I remember these days of newfound independence and knowingly laugh at all that I had yet to learn.
Yet, my tour guide today, a young apprentice at the BMW factory, shared how he applied for the program while attending Realschule (the upper vocational school) and moved almost 100 miles across Germany to live alone in an apartment at the ripe age of sixteen.
This is not unusual in German culture.
In Germany, independence and personal responsibility is taught from a young age and is part of the social fabric of the country. When visiting the primary school a few days earlier, I noticed a sign instructing kindergarten parents to kiss their students good-bye at the school door. I discovered young German schoolchildren walk or ride their bikes to school unaccompanied by an adult. In conversation with one of our guides, she shared how she studied abroad alone in South America at just seventeen.
At BMW, the company trains young adults and trusts them to perform well. The Junior Company alone netted over a million dollars last year by selling marketing products, and a team of apprentices helped design a new vehicle model that will be in production next year. Throughout the program, which lasts two years or more, students cycle through many job titles as they learn their strengths and hone their talents.
BMW trains future employees and fulfills their social responsibility, all while the school and community benefit. Time is spent at both the company and the school, and trainers ensure students receive all the support they need.

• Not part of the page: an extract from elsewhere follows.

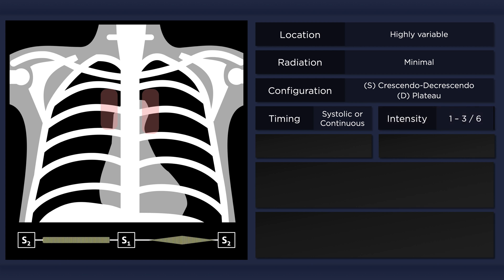The intensity of the murmur is usually between 1 and 3 out of 6. It is a soft, blowing murmur with a medium to high pitch, thus it is best heard with the diaphragm of the stethoscope.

Today, however, no trainers were in sight. Instead, the apprentices lead the presentations, the tour, and discussion.
Our entire group was impressed.
As one presenter stated, “Many students enter the program at the age of sixteen and are very timid. However, when the apprentices finish the program, you do not recognize them. They have grown into proud, young professionals.”
I have always believed that young adults are capable of doing great things when expectations are high. Maybe embedding this type of training would allow American teens to expect more than a driver’s license on their sweet sixteen.